Stored data entries
************
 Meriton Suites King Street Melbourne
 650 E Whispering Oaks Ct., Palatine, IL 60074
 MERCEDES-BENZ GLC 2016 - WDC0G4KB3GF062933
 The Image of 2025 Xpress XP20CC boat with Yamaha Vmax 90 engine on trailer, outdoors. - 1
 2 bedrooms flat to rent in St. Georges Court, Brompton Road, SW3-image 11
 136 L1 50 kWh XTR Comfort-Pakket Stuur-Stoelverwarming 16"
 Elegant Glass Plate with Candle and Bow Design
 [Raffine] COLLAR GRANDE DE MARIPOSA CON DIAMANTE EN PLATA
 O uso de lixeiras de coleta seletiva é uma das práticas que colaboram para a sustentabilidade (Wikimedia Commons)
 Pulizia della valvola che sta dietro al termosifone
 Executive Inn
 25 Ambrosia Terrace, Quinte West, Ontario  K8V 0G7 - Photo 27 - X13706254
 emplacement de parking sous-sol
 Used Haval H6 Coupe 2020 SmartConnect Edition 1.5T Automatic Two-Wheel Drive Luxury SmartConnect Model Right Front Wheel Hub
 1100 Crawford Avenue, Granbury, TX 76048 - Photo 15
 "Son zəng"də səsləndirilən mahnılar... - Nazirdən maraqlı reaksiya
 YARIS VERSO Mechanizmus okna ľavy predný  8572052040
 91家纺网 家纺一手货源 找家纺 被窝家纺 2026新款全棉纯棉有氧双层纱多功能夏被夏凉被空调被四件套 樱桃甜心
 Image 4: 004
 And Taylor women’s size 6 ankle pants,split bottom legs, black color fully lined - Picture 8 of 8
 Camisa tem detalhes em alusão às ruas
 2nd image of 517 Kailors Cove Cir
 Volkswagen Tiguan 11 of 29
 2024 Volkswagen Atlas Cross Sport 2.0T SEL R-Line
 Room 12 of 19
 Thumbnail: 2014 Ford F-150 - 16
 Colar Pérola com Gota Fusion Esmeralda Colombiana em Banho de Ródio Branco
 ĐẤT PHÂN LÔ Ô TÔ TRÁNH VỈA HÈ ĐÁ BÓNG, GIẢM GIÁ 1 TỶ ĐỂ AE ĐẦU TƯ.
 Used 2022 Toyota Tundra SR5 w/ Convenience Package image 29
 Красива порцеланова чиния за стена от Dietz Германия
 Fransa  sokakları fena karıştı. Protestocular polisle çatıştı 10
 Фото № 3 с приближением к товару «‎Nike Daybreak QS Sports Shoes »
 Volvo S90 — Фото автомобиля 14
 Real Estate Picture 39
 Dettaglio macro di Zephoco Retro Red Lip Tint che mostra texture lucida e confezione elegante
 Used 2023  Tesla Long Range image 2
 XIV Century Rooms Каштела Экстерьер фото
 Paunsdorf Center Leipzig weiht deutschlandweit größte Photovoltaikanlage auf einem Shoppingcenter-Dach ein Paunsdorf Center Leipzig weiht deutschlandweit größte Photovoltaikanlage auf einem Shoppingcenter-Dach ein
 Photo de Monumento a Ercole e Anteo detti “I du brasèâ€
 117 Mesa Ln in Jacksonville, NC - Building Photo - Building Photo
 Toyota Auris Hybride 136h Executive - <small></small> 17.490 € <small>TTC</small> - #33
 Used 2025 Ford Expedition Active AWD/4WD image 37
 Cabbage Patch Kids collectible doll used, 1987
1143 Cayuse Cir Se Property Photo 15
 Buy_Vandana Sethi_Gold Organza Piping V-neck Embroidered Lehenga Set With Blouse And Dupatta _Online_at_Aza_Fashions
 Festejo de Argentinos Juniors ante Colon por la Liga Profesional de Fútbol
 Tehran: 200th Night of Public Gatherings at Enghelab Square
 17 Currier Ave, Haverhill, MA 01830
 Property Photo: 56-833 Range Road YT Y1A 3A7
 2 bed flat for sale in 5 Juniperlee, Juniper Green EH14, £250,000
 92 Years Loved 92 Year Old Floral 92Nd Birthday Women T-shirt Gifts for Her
************
What this task involves: Only one number is expected: the count of lines in the entries holding the string "Toyota".

Finished exercise: 2